We are looking at perspectives from Eux.TV, ITN, Sky News, The BBC, and Britain's Channel 4 News to see how the Czech Republic and Britain are reacting to this development.
President Klaus’s decision to sign the treaty came after Czech courts ruled that the treaty does not violate the Czech constitution. Eux.TV recorded an announcement he made after signing the treaty, in which he states that he disapproves of the treaty because it will take away power from the Czech government.
“Above all I cannot agree with its content, because by Lisbon Treaty validation in spite of the political opinion of the Constitutional Court the Czech Republic will lose its sovereignty. This change today and in the future legitimates the part of our public which is not careless to our national and state existence, and which doesn’t want to reconcile with it.”
Despite President Klaus’s reluctant support of the agreement, many Europeans believe that the Lisbon Treaty will help improve the EU’s decision-making processes and give it more influence internationally. ITN talks to their Europe Minister Chris Bryant about the positive effects of the treaty.
“Europe, I believe, will be able to be far more effective on a global stage, and far more efficient in the way it runs its business. It will also mean the end of a decade of navel gazing and the European Union now able to look forward to getting onto the issues that really matter to people like climate change.”

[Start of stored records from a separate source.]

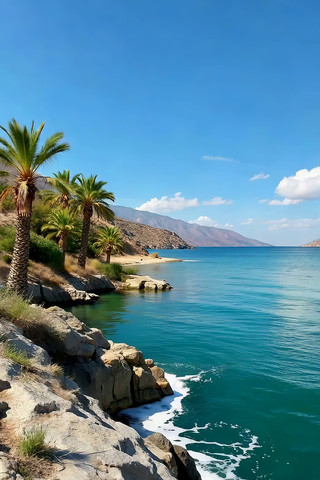 海岸边棕榈树与碧海蓝天景观 海岸边棕榈树与碧海蓝天景观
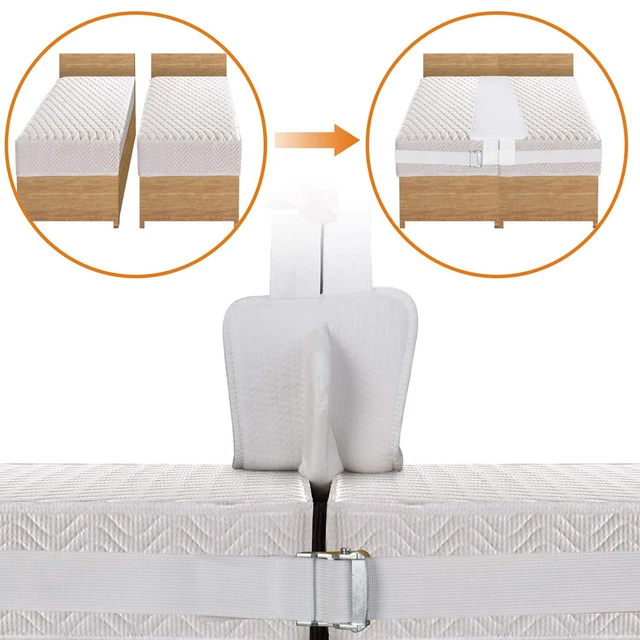 Bed Bridge Twin to King Converter Kit Mattress Connector Bed Gap Filler for Split King Adjustable Beds - Twin Bed Connector to Make A King, White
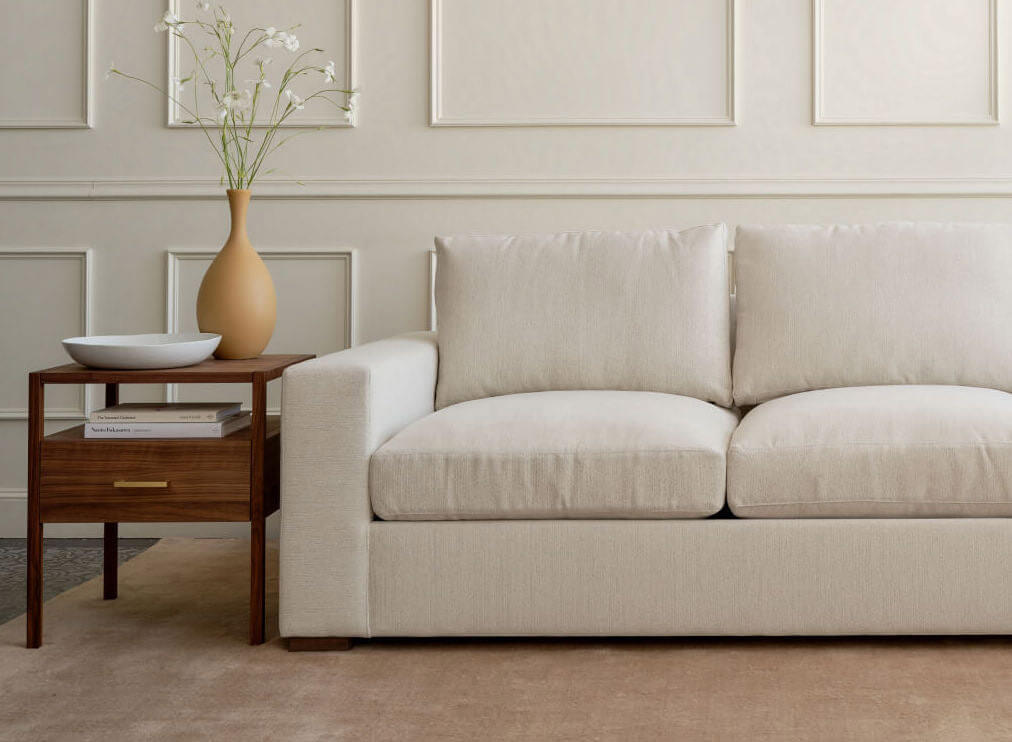 Rio Plush Chaise Sectional in Elder Snow fabric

But Britain’s conservative party also disagrees with the Lisbon Treaty. In 2007, party leader David Cameron gave what he called an “iron-clad” promise to introduce a referendum to stop the Lisbon Treaty. But now that all 27 EU States have signed it, British conservative leaders say that a referendum is no longer possible. BBC Daily Politics talks to Robert Oulds, director of The Bruges Group, about why conservatives pushed so hard for a referendum.
“Well the alternative is is that he would be accepting the changed European Union with an EU foreign minister, with Tony Blair, possibly, as its president, with more EU control over asylum and immigration. That’s the alternative, because that’s what Lisbon will do. It will fundamentally change our relationship with the European Union. It will go even closer in. We’ll be more controlled by Brussels, and to not have a referendum on Lisbon will mean he’s accepting that.”
Britain's Channel 4 News talks to British Conservative Philip Davies, who says that the party should create a new referendum in response to the Lisbon Treaty becoming European Law.
“I think he would be mistaken not to offer a referendum on our relationship with the EU. We haven’t had one since 1975. If you’re under 54 years old you’ve never had your chance to have your say, and the people want to have a say on our relationship with the EU, and I think it would be a mistake not to give them that. I will support David Cameron in bringing powers back from Brussels back to Westminster, but I think he would best achieve that through having a referendum on what he proposes.”
So what effects do you think the Lisbon Treaty will have on the European Union?